JPA date literal

问题

How represent a date in a JPA query, without using (typed) parameters?
If the date is really fixed (for example, 1 mar 1980), the code:

TypedQuery<MyEntity> q = em.createQuery("select myent from db.MyEntity myent where myent.theDate=?1", db.MyEntity.class).setParameter(1, d);

having set:

Date d = new Date(80, Calendar.MARCH, 1);

is quite verbose, isn't it? I would like to embed 1980/1/3 into my query.
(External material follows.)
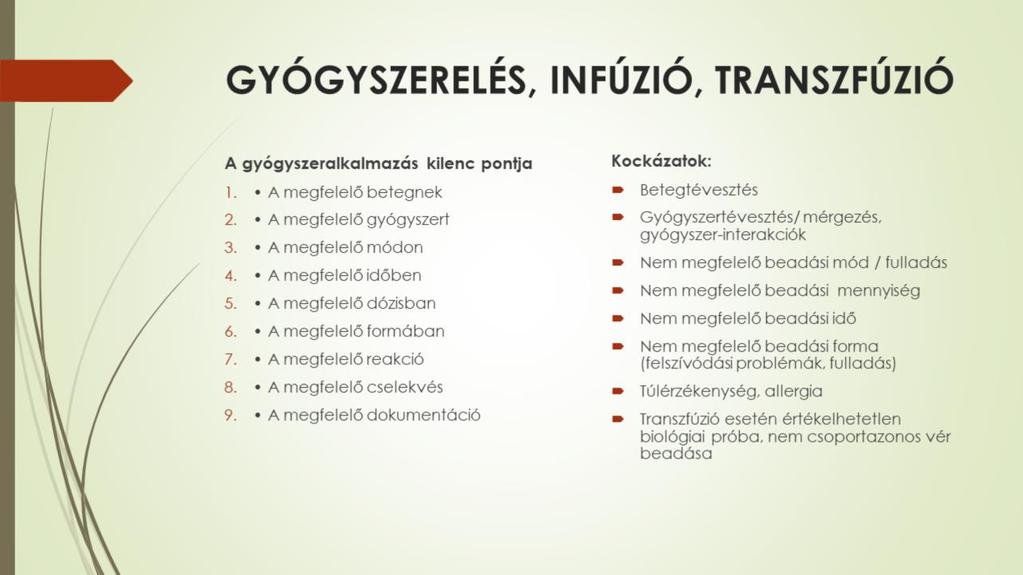 Alapvető követelmény, hogy a gyógyszer beadása előtt a beteget azonosítani kell. Ez biztosítható karszalag alapján, főként nem kooperáló vagy eszméletlen betegek esetén.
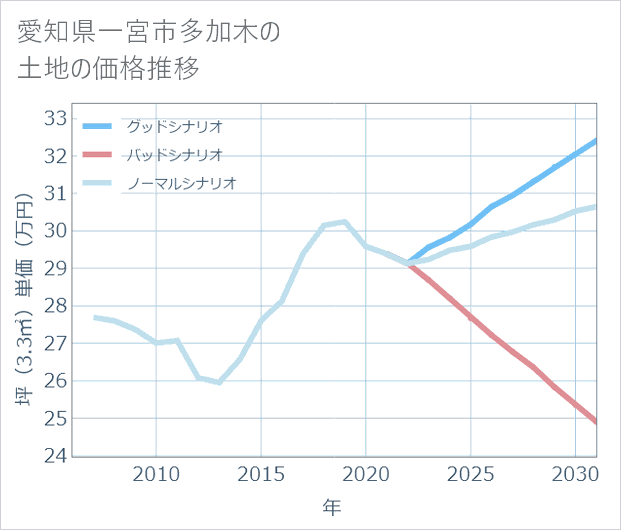 愛知県一宮市多加木の土地価格推移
UPDATE: I modified the sample date to 1980/1/3, because 1980/1/1 as it was, was ambiguous.

回答1:

IIRC you can use date literals in JPQL queries just like you do it in JDBC, so something like:

// d at the beginning means 'date'
{d 'yyyy-mm-dd'} i.e. {d '2009-11-05'}

// t at the beginning means 'time'
{t 'hh-mm-ss'} i.e. {t '12-45-52'}

// ts at the beginning means 'timestamp'; the part after dot is optional
{ts 'yyyy-mm-dd hh-mm-ss.f'} i.e. {ts '2009-11-05 12-45-52.325'}

should do the work (the curly braces and apostrophes are required).

回答2:

I used criteriaQuery for my querys, its just great. It looks like:

@Override
public List<Member> findAllByDimensionAtTime(Dimension selectedDimension,
        Date selectedDate) {
    CriteriaBuilder criteriaBuilder = em.getCriteriaBuilder();
    CriteriaQuery<Member> criteriaQuery = criteriaBuilder
            .createQuery(Member.class);
    Root<Member> member = criteriaQuery.from(Member.class);
    criteriaQuery
            .select(member)
            .where(criteriaBuilder.lessThanOrEqualTo(
                    member.get(Member_.validFrom), selectedDate),
                    criteriaBuilder.greaterThanOrEqualTo(
                            member.get(Member_.validTo), selectedDate),
                    criteriaBuilder.equal(
                            member.get(Member_.myDimensionId),
                            selectedDimension.getId())).distinct(true);
    return em.createQuery(criteriaQuery).getResultList();

validFrom and validTo are date fields!

Edit: shorter Example (according to yours):

   CriteriaBuilder criteriaBuilder = em.getCriteriaBuilder();
    CriteriaQuery<MyEntity> criteriaQuery = criteriaBuilder
            .createQuery(MyEntity.class);
    Root<MyEntity> entity= criteriaQuery.from(MyEntity.class);
    criteriaQuery
            .select(member)
            .where(criteriaBuilder.equal(
                            entity.get(MyEntity_.theDate),
                            new Date(80, Calendar.MARCH, 1);)).distinct(true);
    return em.createQuery(criteriaQuery).getResultList();

回答3:

I spent a couple days digging around on this. Seems the root of the problem is that the Hibernate generated grammar does not include support for temporal literals.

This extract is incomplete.